Prevent high blood pressure with natural interventions that are just as clinically effective as taking anti-hypertensive medication. High blood pressure is a problem because it changes the structure and function of the blood vessels, increasing your risk of disease. Here are five natural lifestyle changes you can make to lower your blood pressure and keep it down.
#1: Reduce Body Fat
Reducing your body fat percentage is one of the first things you should do to lower your blood pressure. The more body fat you have, the harder the heart has to work to circulate blood to all your organs and tissues. Peripheral resistance in the blood vessels increases and causes hypertension, putting an extra load on the heart.
Make It Happen: Get active and train with weights to improve lean muscle mass that sustains your metabolic rate. Eat a healthy diet of plenty of high-quality protein, vegetables, fruit, and healthy fat. Avoid processed foods that are packed with calories and sodium.
#2: Train With Weights
Many people think of aerobic exercise as the go-to workout for lowering blood pressure. But weight training can lower blood pressure as well: A Brazilian study of older women with hypertension tested the effect of a training program that used a muscular endurance protocol with 90-second active rest periods in between sets (1). Participants walked rapidly around the weight room during rest periods instead of standing around.
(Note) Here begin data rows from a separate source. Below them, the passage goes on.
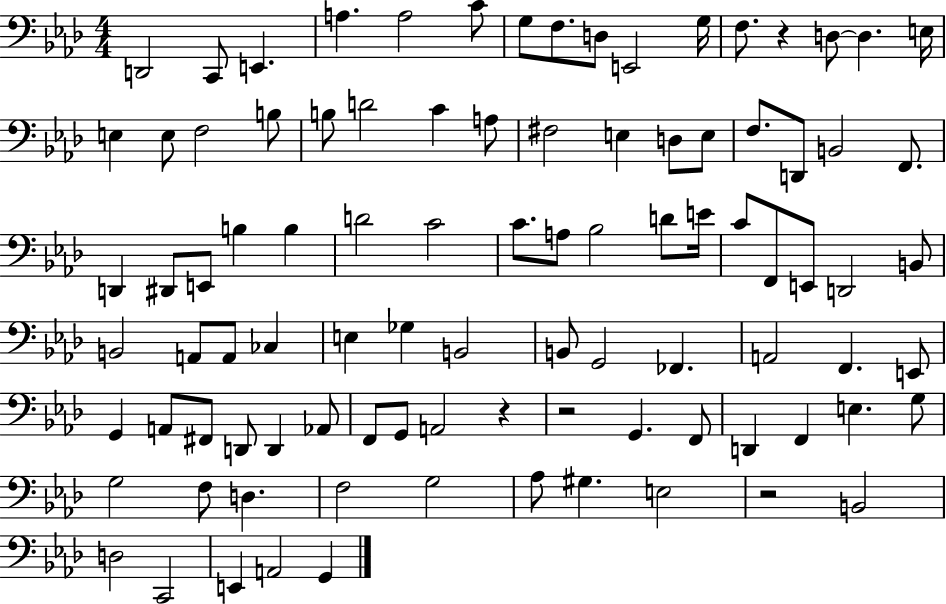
D2/h C2/e E2/q. A3/q. A3/h C4/e G3/e F3/e. D3/e E2/h G3/s F3/e. R/q D3/e D3/q. E3/s E3/q E3/e F3/h B3/e B3/e D4/h C4/q A3/e F#3/h E3/q D3/e E3/e F3/e. D2/e B2/h F2/e. D2/q D#2/e E2/e B3/q B3/q D4/h C4/h C4/e. A3/e Bb3/h D4/e E4/s C4/e F2/e E2/e D2/h B2/e B2/h A2/e A2/e CES3/q E3/q Gb3/q B2/h B2/e G2/h FES2/q. A2/h F2/q. E2/e G2/q A2/e F#2/e D2/e D2/q Ab2/e F2/e G2/e A2/h R/q R/h G2/q. F2/e D2/q F2/q E3/q. G3/e G3/h F3/e D3/q. F3/h G3/h Ab3/e G#3/q. E3/h R/h B2/h D3/h C2/h E2/q A2/h G2/q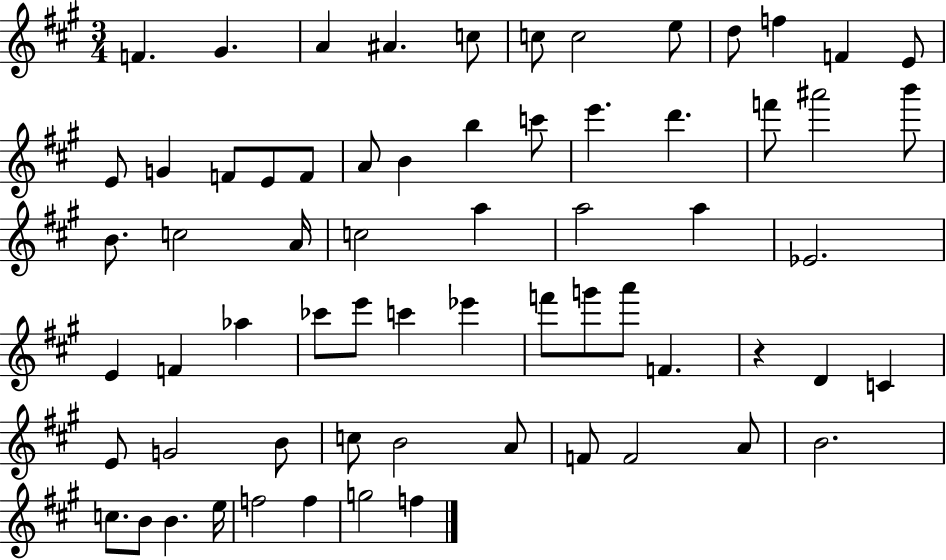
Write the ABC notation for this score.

X:1
T:Untitled
M:3/4
L:1/4
K:A
F ^G A ^A c/2 c/2 c2 e/2 d/2 f F E/2 E/2 G F/2 E/2 F/2 A/2 B b c'/2 e' d' f'/2 ^a'2 b'/2 B/2 c2 A/4 c2 a a2 a _E2 E F _a _c'/2 e'/2 c' _e' f'/2 g'/2 a'/2 F z D C E/2 G2 B/2 c/2 B2 A/2 F/2 F2 A/2 B2 c/2 B/2 B e/4 f2 f g2 f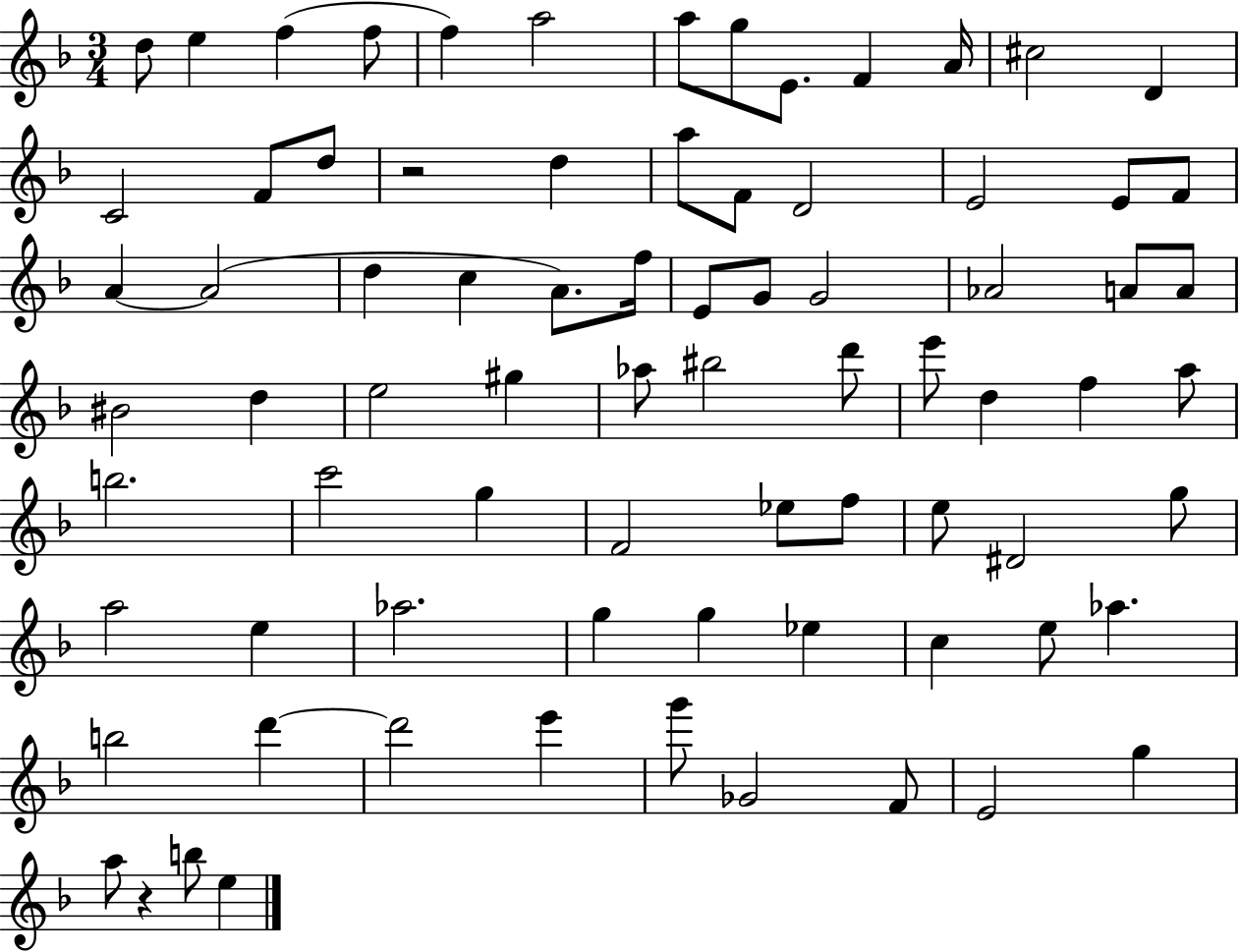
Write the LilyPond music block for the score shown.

{
  \clef treble
  \numericTimeSignature
  \time 3/4
  \key f \major
  d''8 e''4 f''4( f''8 | f''4) a''2 | a''8 g''8 e'8. f'4 a'16 | cis''2 d'4 | \break c'2 f'8 d''8 | r2 d''4 | a''8 f'8 d'2 | e'2 e'8 f'8 | \break a'4~~ a'2( | d''4 c''4 a'8.) f''16 | e'8 g'8 g'2 | aes'2 a'8 a'8 | \break bis'2 d''4 | e''2 gis''4 | aes''8 bis''2 d'''8 | e'''8 d''4 f''4 a''8 | \break b''2. | c'''2 g''4 | f'2 ees''8 f''8 | e''8 dis'2 g''8 | \break a''2 e''4 | aes''2. | g''4 g''4 ees''4 | c''4 e''8 aes''4. | \break b''2 d'''4~~ | d'''2 e'''4 | g'''8 ges'2 f'8 | e'2 g''4 | \break a''8 r4 b''8 e''4 | \bar "|."
}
Results showed a significant decrease in diastolic and systolic blood pressure that was maintained for an hour after training, indicating a sustained decrease in blood pressure. The aerobic nature of the rest periods increased blood flow and activated the mechanisms of shear stress, resulting in an increase in the production of nitric oxide that dilates the blood vessels.
Make It Happen: Try a circuit training program utilizing multi-joint exercises in which you alternate an upper and lower body exercise, such as a squat and a bench press or step-up and overhead press. Use moderately heavy loads in the 60 to 70 percent of maximal range with active 90-second rest periods.
#3: Eat High-Quality Protein
A 2012 study found that when individuals with high blood pressure increased their protein intake by 60 grams a day so that protein made up 25 percent of their calories, they significantly lowered blood pressure (5 mm Hg decrease in systolic and 2.7 mm Hg drop in diastolic) (2). Researchers think a high-protein intake lowers blood pressure by improving the overall function of blood vessels, allowing them to dilate more effectively.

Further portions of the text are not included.